Il commissario europeo Solbes dice che la formula close to balance comporta un’oscillazione massima dello 0,5 per cento. È d’accordo?
“Nella flessibilità del Patto ci sono due variabili. Bisogna stabilire che cosa significa, in percentuale, close to balance. E si deve valutare quanto il livello di crescita influenza l’indebitamento. Queste due variabili sono diverse Paese per Paese e definirle è un atto che spetta al consiglio Ecofin. La Commissione, naturalmente, espone le sue idee che poi vanno discusse”.
Vuol dire che la flessibilità potrà essere anche maggiore?
“I numeri si vedranno a ridosso dei fenomeni. Ma sono importanti anche i giudizi contenuti nei Grandi orientamenti di politica economica. Devo dire che non contengono riferimenti a ipotetiche manovre selvagge, ma a riforme di struttura. Devo dire anche che, da quando partecipo all’Ecofin, non ho mai sentito parlare di questo grande debito italiano, ma del buon avanzo primario e della buona politica economica.
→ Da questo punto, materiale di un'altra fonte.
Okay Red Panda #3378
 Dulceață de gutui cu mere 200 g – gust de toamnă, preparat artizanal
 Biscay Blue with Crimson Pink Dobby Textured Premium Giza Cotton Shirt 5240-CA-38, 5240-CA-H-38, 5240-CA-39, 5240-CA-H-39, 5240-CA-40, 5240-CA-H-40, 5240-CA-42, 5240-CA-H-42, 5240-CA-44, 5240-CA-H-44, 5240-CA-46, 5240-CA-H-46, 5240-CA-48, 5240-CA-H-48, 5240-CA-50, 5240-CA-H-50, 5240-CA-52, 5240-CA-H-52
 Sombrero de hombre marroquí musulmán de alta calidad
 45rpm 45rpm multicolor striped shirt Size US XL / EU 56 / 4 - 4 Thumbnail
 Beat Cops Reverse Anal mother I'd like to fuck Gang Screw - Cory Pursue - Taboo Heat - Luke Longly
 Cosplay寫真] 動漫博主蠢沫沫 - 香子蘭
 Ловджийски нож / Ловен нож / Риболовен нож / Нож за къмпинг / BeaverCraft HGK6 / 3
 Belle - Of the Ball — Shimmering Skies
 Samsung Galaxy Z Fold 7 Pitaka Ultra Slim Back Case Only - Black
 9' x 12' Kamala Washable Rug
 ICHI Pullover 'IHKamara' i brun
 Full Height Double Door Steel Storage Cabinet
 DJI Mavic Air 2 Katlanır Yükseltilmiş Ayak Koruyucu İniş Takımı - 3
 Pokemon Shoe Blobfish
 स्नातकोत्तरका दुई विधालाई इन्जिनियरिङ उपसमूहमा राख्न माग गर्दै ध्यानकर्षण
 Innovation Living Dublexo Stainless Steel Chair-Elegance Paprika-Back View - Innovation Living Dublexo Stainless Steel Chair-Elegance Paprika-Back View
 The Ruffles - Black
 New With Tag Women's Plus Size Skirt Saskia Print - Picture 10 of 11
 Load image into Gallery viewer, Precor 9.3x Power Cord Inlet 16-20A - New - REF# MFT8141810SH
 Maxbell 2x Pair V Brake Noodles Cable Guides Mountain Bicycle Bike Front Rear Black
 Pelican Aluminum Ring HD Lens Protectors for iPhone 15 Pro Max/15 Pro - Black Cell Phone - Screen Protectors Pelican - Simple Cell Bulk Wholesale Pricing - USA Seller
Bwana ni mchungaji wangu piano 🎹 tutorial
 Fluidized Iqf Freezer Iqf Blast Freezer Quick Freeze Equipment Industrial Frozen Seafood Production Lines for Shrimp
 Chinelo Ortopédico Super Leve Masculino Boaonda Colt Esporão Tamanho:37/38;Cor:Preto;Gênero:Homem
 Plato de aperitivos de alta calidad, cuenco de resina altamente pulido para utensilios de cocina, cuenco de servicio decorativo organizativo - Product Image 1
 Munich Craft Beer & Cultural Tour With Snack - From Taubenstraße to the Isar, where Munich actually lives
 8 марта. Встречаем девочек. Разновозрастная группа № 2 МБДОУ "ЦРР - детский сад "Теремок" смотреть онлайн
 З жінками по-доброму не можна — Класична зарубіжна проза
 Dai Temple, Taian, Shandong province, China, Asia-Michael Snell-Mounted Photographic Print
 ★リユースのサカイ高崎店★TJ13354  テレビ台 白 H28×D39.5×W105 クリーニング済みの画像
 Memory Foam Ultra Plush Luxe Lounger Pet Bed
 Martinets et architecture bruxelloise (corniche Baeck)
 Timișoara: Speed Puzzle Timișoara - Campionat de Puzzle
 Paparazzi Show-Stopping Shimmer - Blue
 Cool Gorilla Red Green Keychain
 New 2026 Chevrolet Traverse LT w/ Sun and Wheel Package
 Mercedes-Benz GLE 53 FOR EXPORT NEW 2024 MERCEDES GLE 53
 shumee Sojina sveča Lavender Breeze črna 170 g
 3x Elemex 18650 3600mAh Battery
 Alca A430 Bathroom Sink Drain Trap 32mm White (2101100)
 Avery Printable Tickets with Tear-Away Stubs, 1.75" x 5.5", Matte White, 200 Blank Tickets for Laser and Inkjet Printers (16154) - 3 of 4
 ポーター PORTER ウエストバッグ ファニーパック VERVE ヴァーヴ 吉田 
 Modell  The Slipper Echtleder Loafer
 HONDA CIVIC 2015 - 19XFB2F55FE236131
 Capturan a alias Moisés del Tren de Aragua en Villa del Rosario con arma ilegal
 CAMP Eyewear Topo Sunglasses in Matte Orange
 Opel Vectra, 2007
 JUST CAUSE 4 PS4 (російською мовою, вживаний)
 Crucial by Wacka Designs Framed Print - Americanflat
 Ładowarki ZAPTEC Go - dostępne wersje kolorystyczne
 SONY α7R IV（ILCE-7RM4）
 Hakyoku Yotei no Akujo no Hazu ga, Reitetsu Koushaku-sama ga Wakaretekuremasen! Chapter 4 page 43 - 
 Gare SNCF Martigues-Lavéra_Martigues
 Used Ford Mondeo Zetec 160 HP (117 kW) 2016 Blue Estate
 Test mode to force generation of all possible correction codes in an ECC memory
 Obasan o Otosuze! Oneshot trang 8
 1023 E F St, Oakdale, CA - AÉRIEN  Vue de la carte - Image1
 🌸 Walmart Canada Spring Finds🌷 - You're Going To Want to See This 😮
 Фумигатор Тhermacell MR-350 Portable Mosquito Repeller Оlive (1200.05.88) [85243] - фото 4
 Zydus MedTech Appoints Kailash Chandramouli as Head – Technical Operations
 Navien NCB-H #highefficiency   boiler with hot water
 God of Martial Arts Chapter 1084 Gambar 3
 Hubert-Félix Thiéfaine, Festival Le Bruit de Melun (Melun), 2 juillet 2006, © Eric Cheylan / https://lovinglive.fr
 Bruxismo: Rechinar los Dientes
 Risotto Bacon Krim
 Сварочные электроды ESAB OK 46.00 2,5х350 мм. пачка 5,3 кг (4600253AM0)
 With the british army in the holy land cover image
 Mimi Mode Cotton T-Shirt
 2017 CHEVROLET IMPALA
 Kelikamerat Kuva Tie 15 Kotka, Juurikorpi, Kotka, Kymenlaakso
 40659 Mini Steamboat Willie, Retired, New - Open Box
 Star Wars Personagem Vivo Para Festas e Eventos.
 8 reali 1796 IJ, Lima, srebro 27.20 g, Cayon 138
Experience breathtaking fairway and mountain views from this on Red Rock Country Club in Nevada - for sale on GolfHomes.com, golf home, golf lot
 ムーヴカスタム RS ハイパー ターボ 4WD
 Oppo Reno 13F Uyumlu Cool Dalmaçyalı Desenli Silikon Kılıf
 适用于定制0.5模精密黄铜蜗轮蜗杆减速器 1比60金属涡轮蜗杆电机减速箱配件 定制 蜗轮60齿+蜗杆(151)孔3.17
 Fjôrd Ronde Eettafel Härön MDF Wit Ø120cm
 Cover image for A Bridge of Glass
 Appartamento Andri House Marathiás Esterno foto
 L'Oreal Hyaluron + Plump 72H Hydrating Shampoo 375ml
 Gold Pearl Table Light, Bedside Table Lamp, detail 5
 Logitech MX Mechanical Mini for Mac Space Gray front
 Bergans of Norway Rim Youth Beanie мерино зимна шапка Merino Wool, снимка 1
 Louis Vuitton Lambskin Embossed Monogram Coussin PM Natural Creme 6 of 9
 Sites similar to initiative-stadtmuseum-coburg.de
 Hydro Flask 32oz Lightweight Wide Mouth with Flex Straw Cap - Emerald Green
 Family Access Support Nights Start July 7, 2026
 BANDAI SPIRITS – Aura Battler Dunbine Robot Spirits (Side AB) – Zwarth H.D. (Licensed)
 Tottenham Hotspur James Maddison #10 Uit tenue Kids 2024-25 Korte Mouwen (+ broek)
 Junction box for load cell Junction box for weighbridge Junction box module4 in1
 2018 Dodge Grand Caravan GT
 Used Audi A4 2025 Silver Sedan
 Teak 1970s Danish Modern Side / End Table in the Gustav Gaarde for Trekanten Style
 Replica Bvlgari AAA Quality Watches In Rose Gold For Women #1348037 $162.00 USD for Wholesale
E nei Gope che abbiamo appena approvato non ci sono riferimenti al livello del debito che, tra l’altro, non abbiamo fatto noi”.
La nuova interpretazione del Patto offre più tranquillità all’Italia?
“Gli statistici dicono che l’1 per cento è il margine di tolleranza dell’errore. Ai politici il Patto concedeva soltanto lo zero. Eppure qui parliamo di bilanci di miliardi e miliardi di entrate e di uscite. Prevedere una oscillazione mi sembra molto più ragionevole. Detto questo, noi avremmo raggiunto lo zero. Ci eravamo impegnati a mantenere gli obiettivi europei e l’avremmo fatto. Adesso, con la clausola del close to balance, lo faremo al 110 per cento”.